# Paraffin wax or something else?



## NC Wood Art (Nov 8, 2011)

What is a good way to coat pen blanks to see what they will look like polished up besides misting it with water? 

It would- could also be a good wood sealant if the entire blank was coated. I was debating on buying a paraffin wax heater & dipping them? 

Suggestions?


----------



## Woodlvr (Nov 8, 2011)

I was told that Acetone works or is that just for cleaning? Maybe a light swipe of tung oil so that it did not absorb very deeply?


----------



## Justturnin (Nov 8, 2011)

To see the grain I would wipe them w/ MS or DNA which will evap rather quickly. To seal you could use wax, I see some folk that buy sentless candles and melt them and coat the blanks. I would only coat the entire blank if checks are a real concern and this will only come from trial and error. Burls should be 100% coated but I would not coat a mesquite or anything like that all the way, just the end grain and a little side grain. I personally dip the ends of my blanks in Ancorseal and leave it on thick. Take almost a week to dry all the way but I have had success w/ that.


----------



## Bree (Nov 8, 2011)

I use DNA.  Schlepp it on there and voila you have a good look at the figure... then it's gone.

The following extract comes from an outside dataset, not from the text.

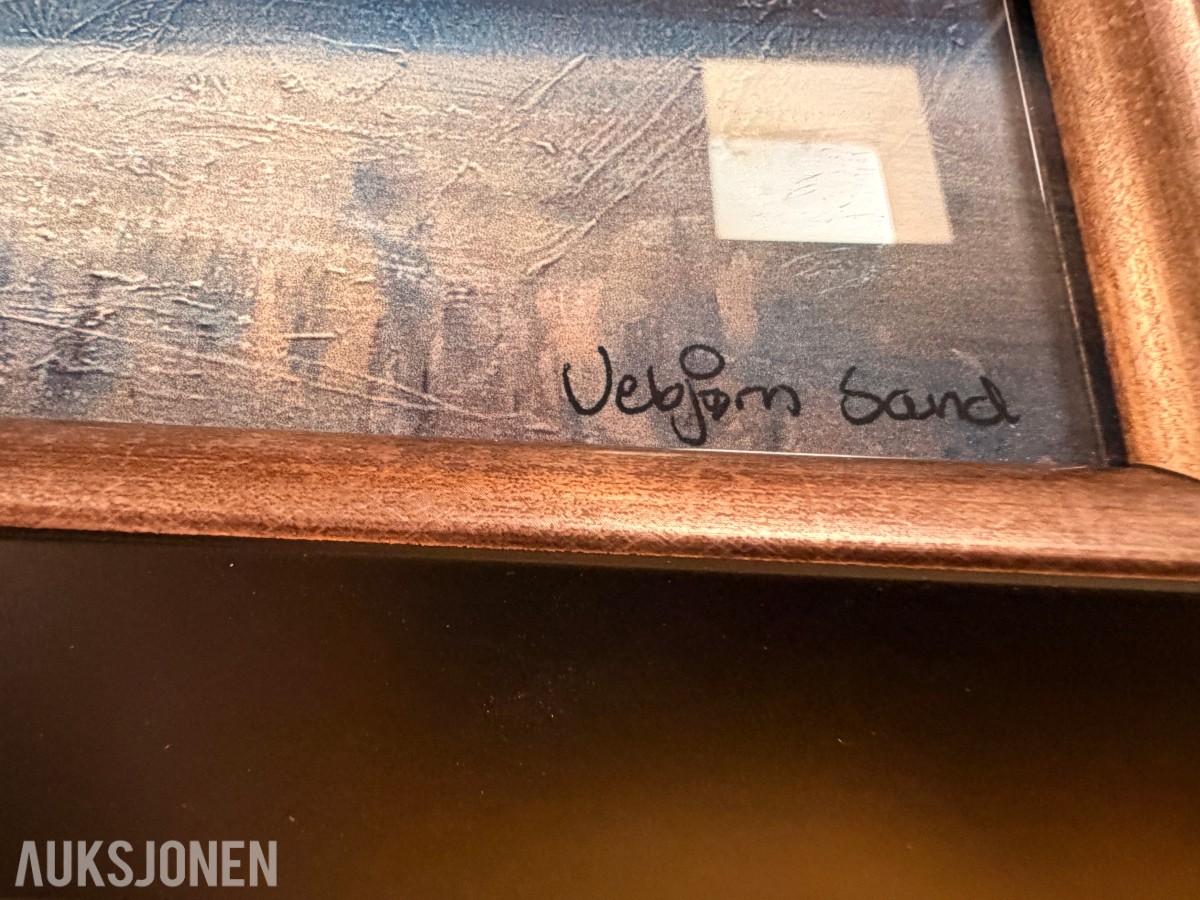 Vebjørn Sand – Antarktis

If you are planning to apply a CA finish to the blank don't wax it or even get wax near the blank or you may well cause the CA not to stick properly.


----------



## ssajn (Nov 8, 2011)

Isopropyl alcohol works well. Drys fast and won't raise the grain like water. And it's cheap.


----------



## IPD_Mrs (Nov 9, 2011)

I clean my blanks with Acetone - then if I really don't see what I want to be able to see - I will gently sand one side (pick the best and the worst) re clean and ultimately even shoot a quick coat of spray lacquer on them.  This is especially good if you are wanting to just photograph the blanks for some reason.

Linda


----------



## rherrell (Nov 9, 2011)

Mineral spirits


----------



## Bree (Nov 9, 2011)

IPD_Mrs said:


> I clean my blanks with Acetone - then if I really don't see what I want to be able to see - I will gently sand one side (pick the best and the worst) re clean and ultimately even shoot a quick coat of spray lacquer on them.  This is especially good if you are wanting to just photograph the blanks for some reason.
> 
> Linda



Be aware that ordinary acetone can be a nasty chemical.  It has a low flash point and is extremely flammable.  Its vapor can flash back off lots of ignition sources.  So no sparks, open flames, or heat sources when you use it.  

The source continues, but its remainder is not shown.